To bring on clock signals into the part without killing isolation or causing unwanted interference, a special buffer like the one in figure 3 can be designed on the part. The idea is to input a small signal sine wave with low edge rates and gain up the signal inside the part to create CMOS levels needed to drive your circuits. This design could be as simple as an inverter in feedback or something more complicated to generate the gain, but the idea is the same. Gain up the signal until a comparator type circuit is used to create the desired CMOS levels inside the part. By using low edge rate input signals into the part, the kickback and unwanted ringing from large edge rates are avoided resulting in improved isolation as well.
These principles are not complete without a study of the routing, power, and grounding on the AVB. When designing the AVB, the routing and grounding is paramount to a successful AVB. It is important to look at how currents on the board will travel and treat the board as an extension of the circuit layout of the part. This means that currents from the part into the ground must return to the source that generated the current. With that being said, some may think of creating separate digital ground planes and analog ground planes. This does not work so well for high frequency circuits or circuits that have large edge rates.

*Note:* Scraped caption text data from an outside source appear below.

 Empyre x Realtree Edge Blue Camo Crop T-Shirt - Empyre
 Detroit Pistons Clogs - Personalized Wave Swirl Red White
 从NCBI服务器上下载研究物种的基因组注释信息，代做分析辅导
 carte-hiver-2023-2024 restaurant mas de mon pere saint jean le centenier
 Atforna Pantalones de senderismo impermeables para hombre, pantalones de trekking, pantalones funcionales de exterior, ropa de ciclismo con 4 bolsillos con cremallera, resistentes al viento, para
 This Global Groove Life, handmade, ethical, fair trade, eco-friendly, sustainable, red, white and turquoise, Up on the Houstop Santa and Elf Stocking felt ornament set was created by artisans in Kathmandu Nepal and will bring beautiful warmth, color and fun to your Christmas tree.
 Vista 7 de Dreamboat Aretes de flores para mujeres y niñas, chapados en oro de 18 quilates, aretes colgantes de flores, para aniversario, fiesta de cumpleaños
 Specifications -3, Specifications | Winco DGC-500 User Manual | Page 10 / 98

Where does the current flow? So, watch for circulating currents from your part. There are times when providing a separate ground plane can work well as long as the circulating currents can be kept locally to the ground plane and do not need to return to your circuit ground through some unknown parasitic. So the best solution is to use flooded ground planes that are all connected together. What about the power planes?

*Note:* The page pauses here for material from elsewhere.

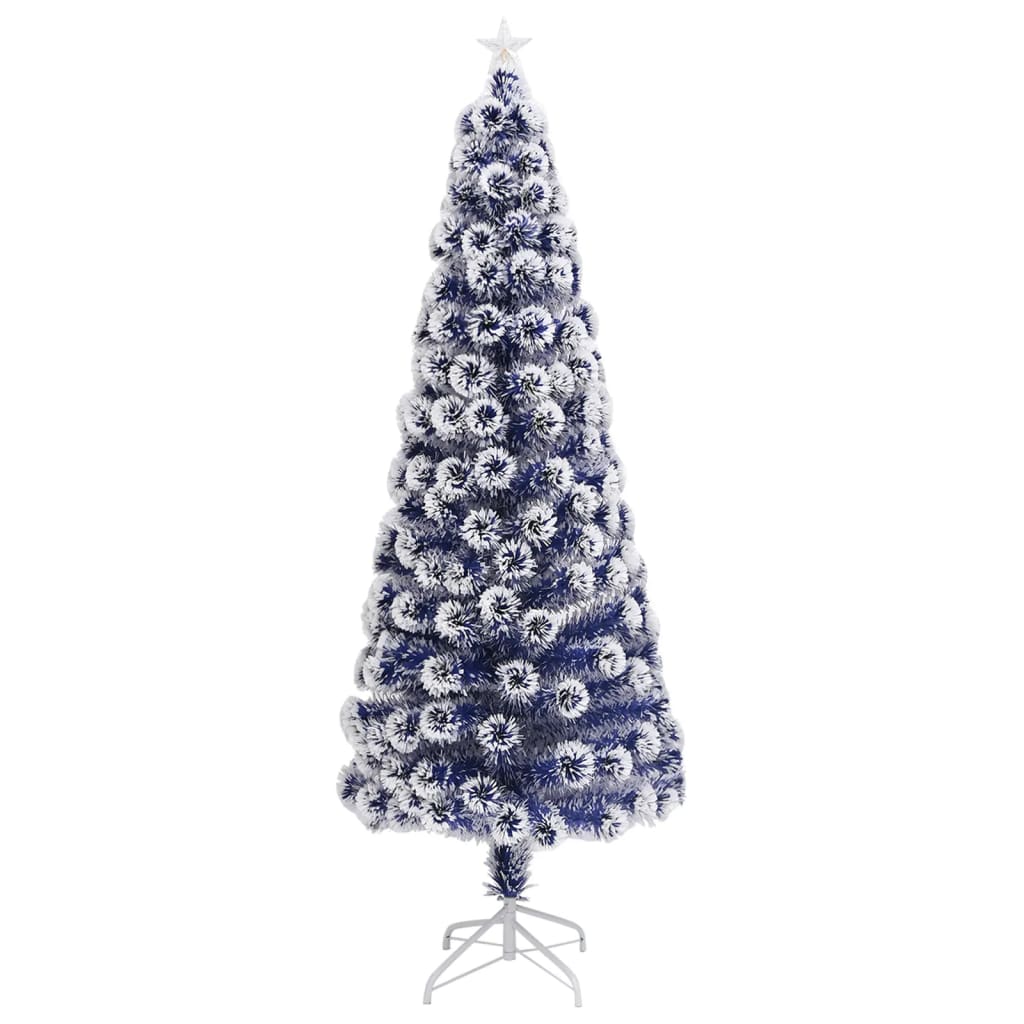 Vidaxl kunstkerstboom avec éclairage 240 cm fibre optique blanc et bleu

For the power routing, the power distribution can be in the form of a power plane or can be treated as wide routes if the current is not large enough to create undesired IR drops. Furthermore, the case for power routes can improve isolation by reducing coupling capacitance from different sources of digital power and analog power. Lastly, it is important to treat differential inputs as differential all the way from the test port to the DUT pin. Once the board has been routed properly, do not forget about the package and socket as these are just as critical to a successful AVB.
As stated, we must not forget about the package and socket used for the evaluation on the AVB. Regarding the package, one of the best packages for evaluating circuits that I have found are standard type packages such as a QFN with an exposed flag. Shown in figure 4 are pictures of example implementation of using a QFN package. As shown in figure 4, the exposed flag is the key as it provides the ability to down bond all of the grounds to a low inductance connection to the board ground. In addition, the down bonds are shorter in length compared to the bond wires needed to attach to the lead frame further reducing the inductance of the grounding impedance.
Lastly, we cannot forget about the size of the board. Understand the limits and criteria for the signals being measured. Are the signals sensitive to external influences? If this is the case does the board need to be small enough to fit into a shielded cage? What about isolation between ports. Is the board large enough to avoid various data collecting ports and or function on the board from interacting? Sometimes it may be necessary for the board to be design to test a specific function of the part and a separate board for testing the remaining functions.